**MATERIAL TO PROCESS**
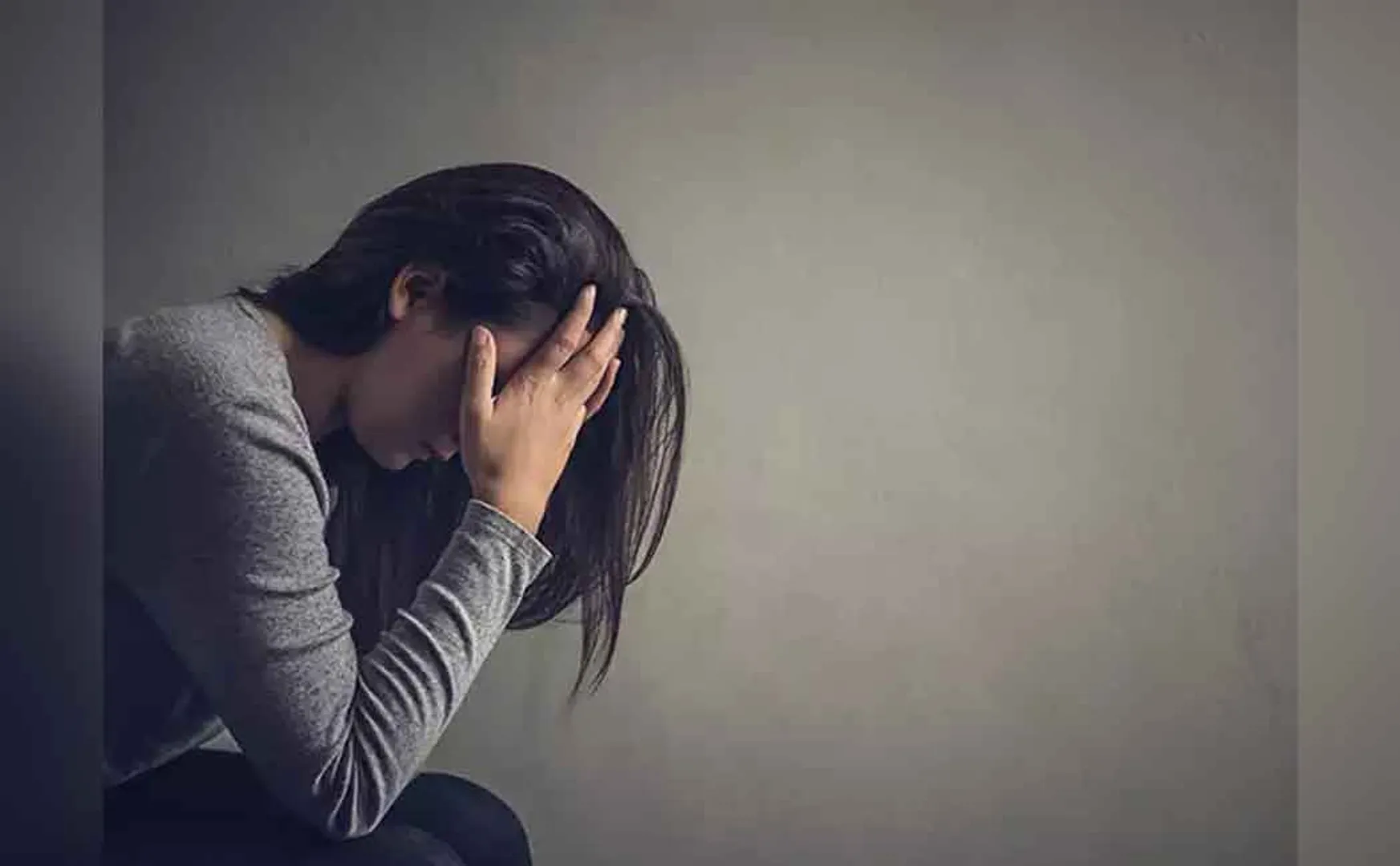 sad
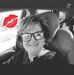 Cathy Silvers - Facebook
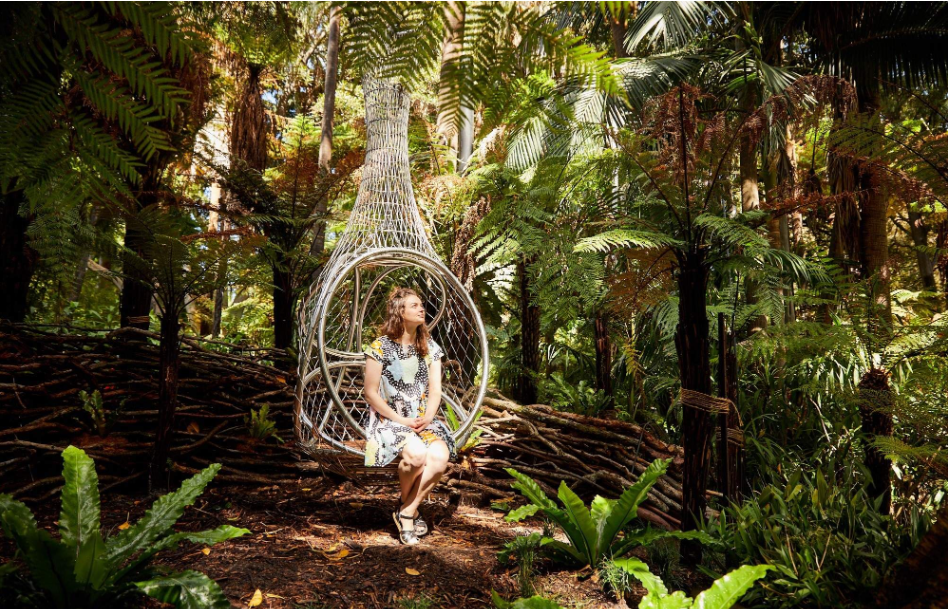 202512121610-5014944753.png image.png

---

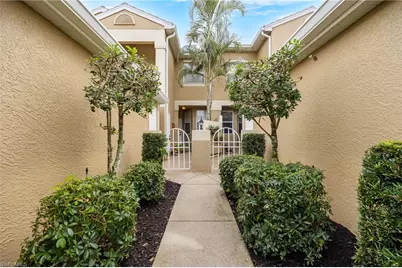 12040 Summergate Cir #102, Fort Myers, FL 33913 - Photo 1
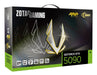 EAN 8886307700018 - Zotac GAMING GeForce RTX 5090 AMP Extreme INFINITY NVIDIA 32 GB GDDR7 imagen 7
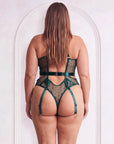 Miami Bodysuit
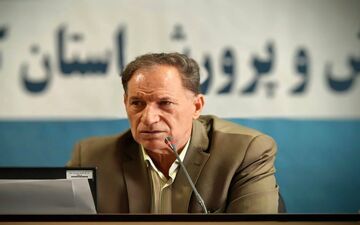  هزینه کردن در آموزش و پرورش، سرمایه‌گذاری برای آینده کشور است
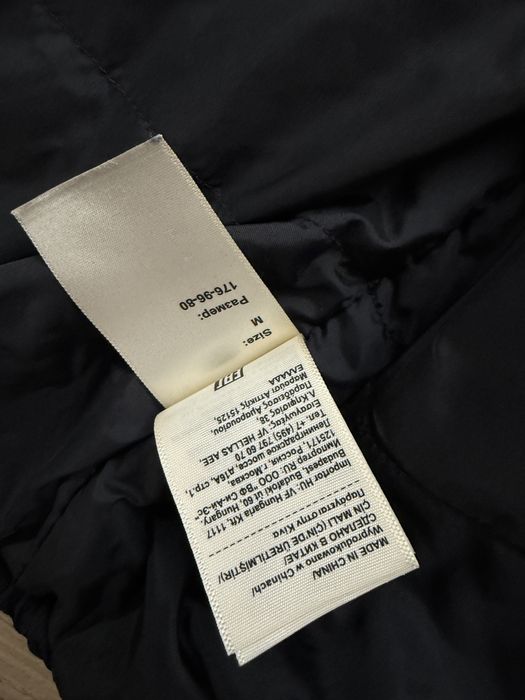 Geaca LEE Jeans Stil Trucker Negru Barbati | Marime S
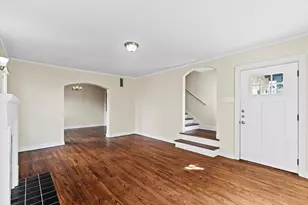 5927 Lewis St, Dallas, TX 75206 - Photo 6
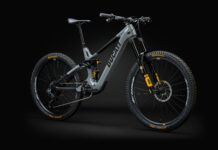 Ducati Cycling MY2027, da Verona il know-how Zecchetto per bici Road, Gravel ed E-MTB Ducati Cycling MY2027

**ASSIGNMENT**
All lines above starting at the one with "Miami Bodysuit" and ending at the one with "Ducati Cycling MY2027, da", inclusive, are to be printed again exactly, with the pictures left out.

**EXERCISE OUTPUT**
 Miami Bodysuit
  هزینه کردن در آموزش و پرورش، سرمایه‌گذاری برای آینده کشور است
 Geaca LEE Jeans Stil Trucker Negru Barbati | Marime S
 5927 Lewis St, Dallas, TX 75206 - Photo 6
 Ducati Cycling MY2027, da Verona il know-how Zecchetto per bici Road, Gravel ed E-MTB Ducati Cycling MY2027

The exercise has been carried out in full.